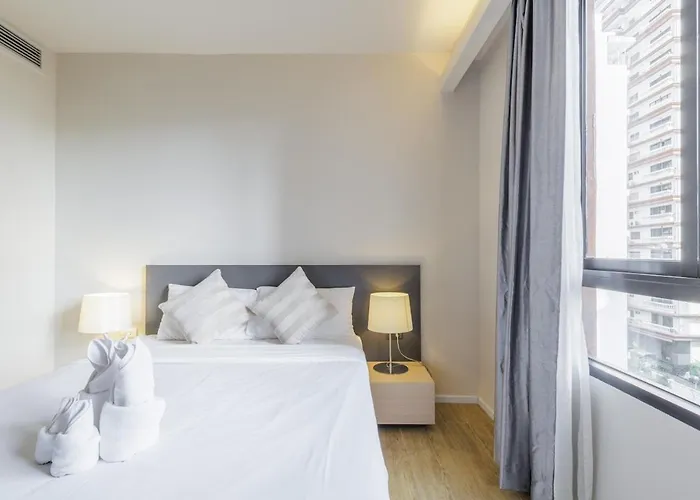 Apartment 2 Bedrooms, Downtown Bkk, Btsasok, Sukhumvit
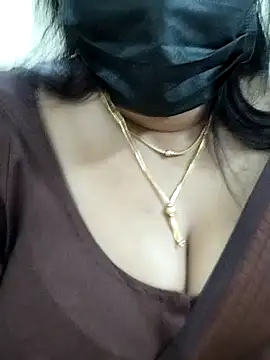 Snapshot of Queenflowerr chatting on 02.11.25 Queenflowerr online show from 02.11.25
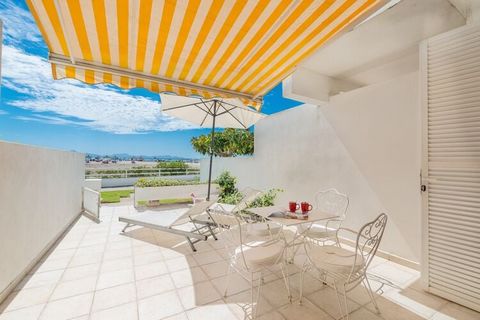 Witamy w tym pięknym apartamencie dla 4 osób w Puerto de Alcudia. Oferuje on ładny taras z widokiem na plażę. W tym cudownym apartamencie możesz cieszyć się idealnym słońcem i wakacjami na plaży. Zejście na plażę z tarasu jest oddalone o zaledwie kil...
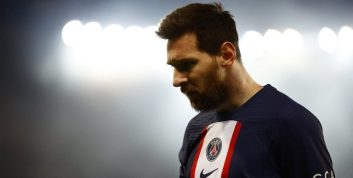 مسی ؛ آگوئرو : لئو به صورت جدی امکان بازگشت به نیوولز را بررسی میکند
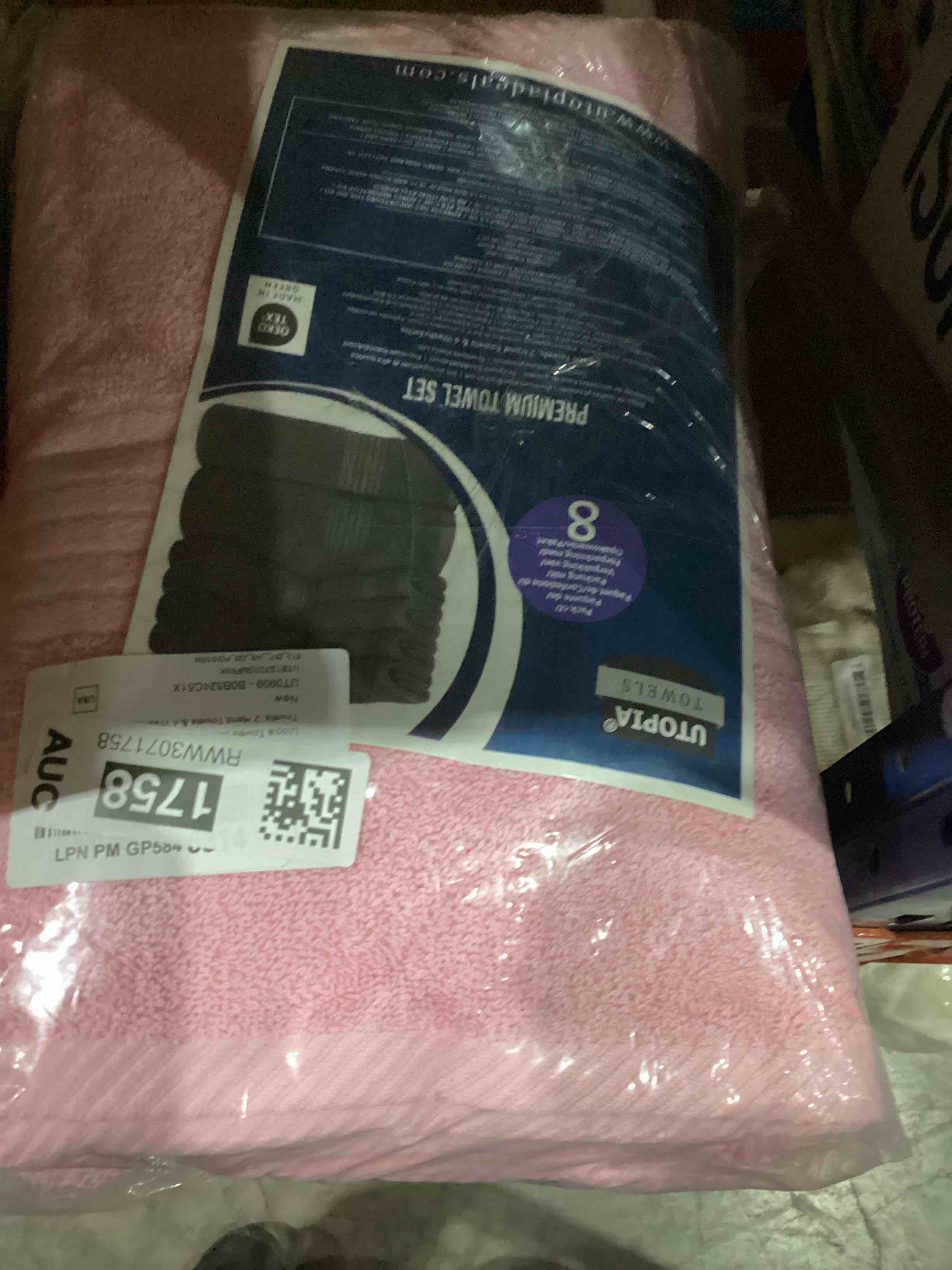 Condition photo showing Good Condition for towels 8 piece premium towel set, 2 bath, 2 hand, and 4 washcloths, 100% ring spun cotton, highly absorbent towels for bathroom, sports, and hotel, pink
+===+
- [Your instructions]: No pictures should appear in the copy, which holds exactly the lines from the first line of the data through the line with "Witamy w tym" and nothing else.

- [Exercise answer]:
 Apartment 2 Bedrooms, Downtown Bkk, Btsasok, Sukhumvit
 Snapshot of Queenflowerr chatting on 02.11.25 Queenflowerr online show from 02.11.25
 Witamy w tym pięknym apartamencie dla 4 osób w Puerto de Alcudia. Oferuje on ładny taras z widokiem na plażę. W tym cudownym apartamencie możesz cieszyć się idealnym słońcem i wakacjami na plaży. Zejście na plażę z tarasu jest oddalone o zaledwie kil...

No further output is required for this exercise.